INTERFACE COMPATIBILITY IN NICALON-FIBER REINFORCED METAL AND CERAMIC COMPOSITES

Microstructural characteristics of the fibre-matrix interface of two composite systems which utilize Nicalon fibre reinforcement are analysed and discussed. An Al-based composite produced by liquid-metal infiltration was found to contain crystals of aluminium carbide and alumina at the fibre-matrix interface, which produced a strong interfacial bond, restricted fibre pullout, and resulted in an essentially brittle composite. A ceramic-matrix composite based upon calcium aluminosilicate and produced by hot pressing exhibited substantial fibre pullout during testing; microstructural analysis of the interface showed the presence of a C-rich layer. Treatment of the composite in air over a range of temperatures (600-1200-degrees-C) progressively oxidized the carbon and formed silica 'bridges' between fibre and matrix, which resulted in increased brittleness. Electron-probe microanalysis combined with electron microscopy of the Nicalon fibre showed that approximately half the material consisted of microcrystalline beta-SiC and the remainder was free carbon and silicon oxycarbide.
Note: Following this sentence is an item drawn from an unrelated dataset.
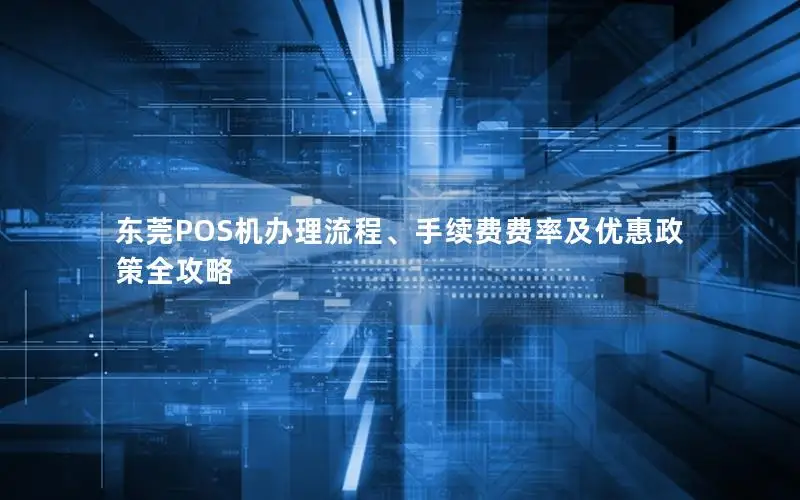 东莞POS机办理流程、手续费费率及优惠政策全攻略
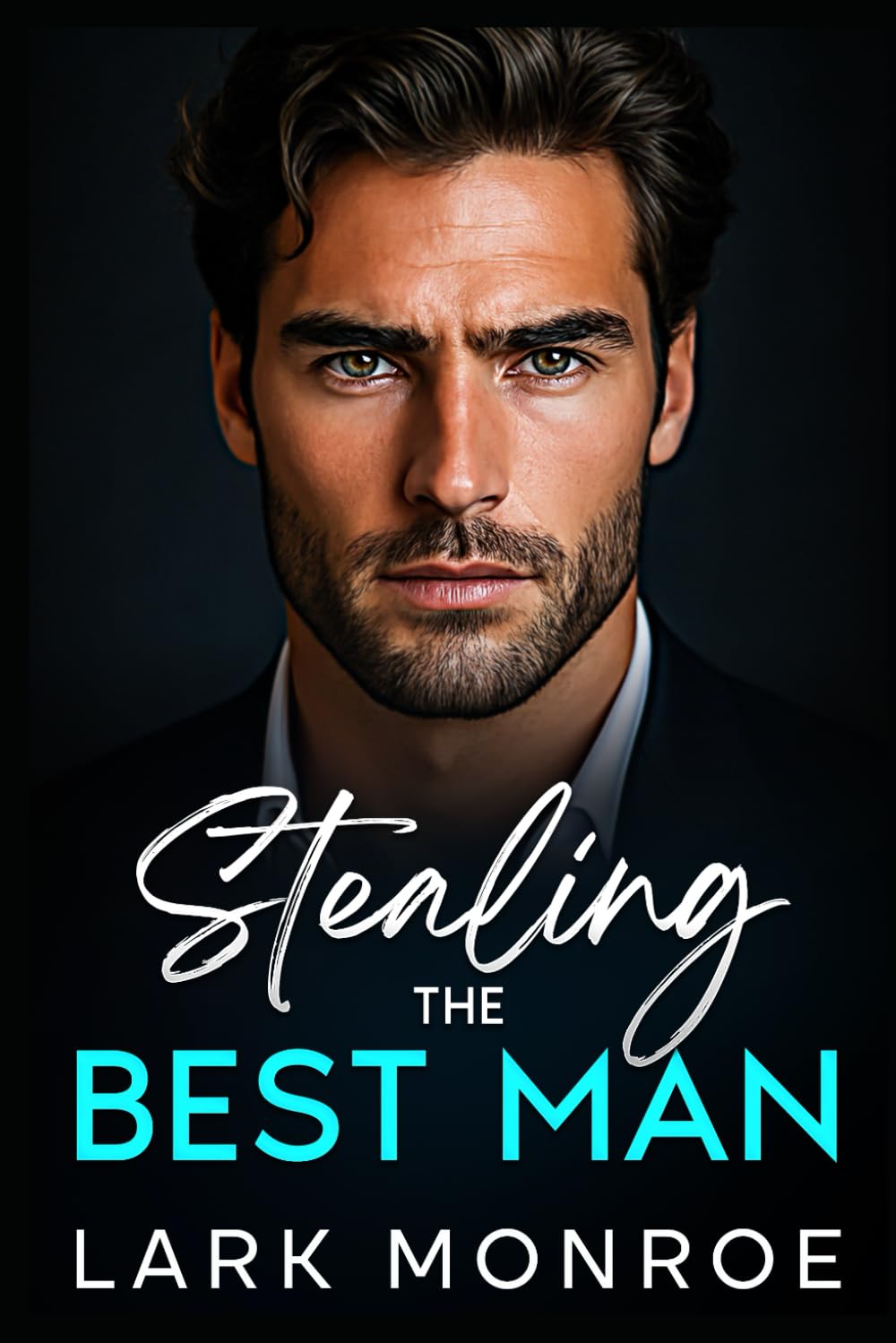 Stealing the Best Man: Grumpy Billionaire Romance: A Steamy Brother’s Best Friend, Off-Limits Love Story (Forbidden Billionaires of Manhattan, Band 2) Contemporary Romance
Thus the carbon constituent was largely responsible for carbide formation in the Al-based material, which restricted fibre pullout, whilst free carbon, plus the additional free carbon formed by chemical reaction between silicon carbide in the fibre and the calcium aluminosilicate matrix, provided the interfacial carbon layer which gave enhanced fibre pullout in the ceramic-based composite; the decreased fibre pullout and increased brittleness of the latter after heat treatment in air could thus be explained by the removal of the carbon layer and the development of silica bridges between fibre and matrix.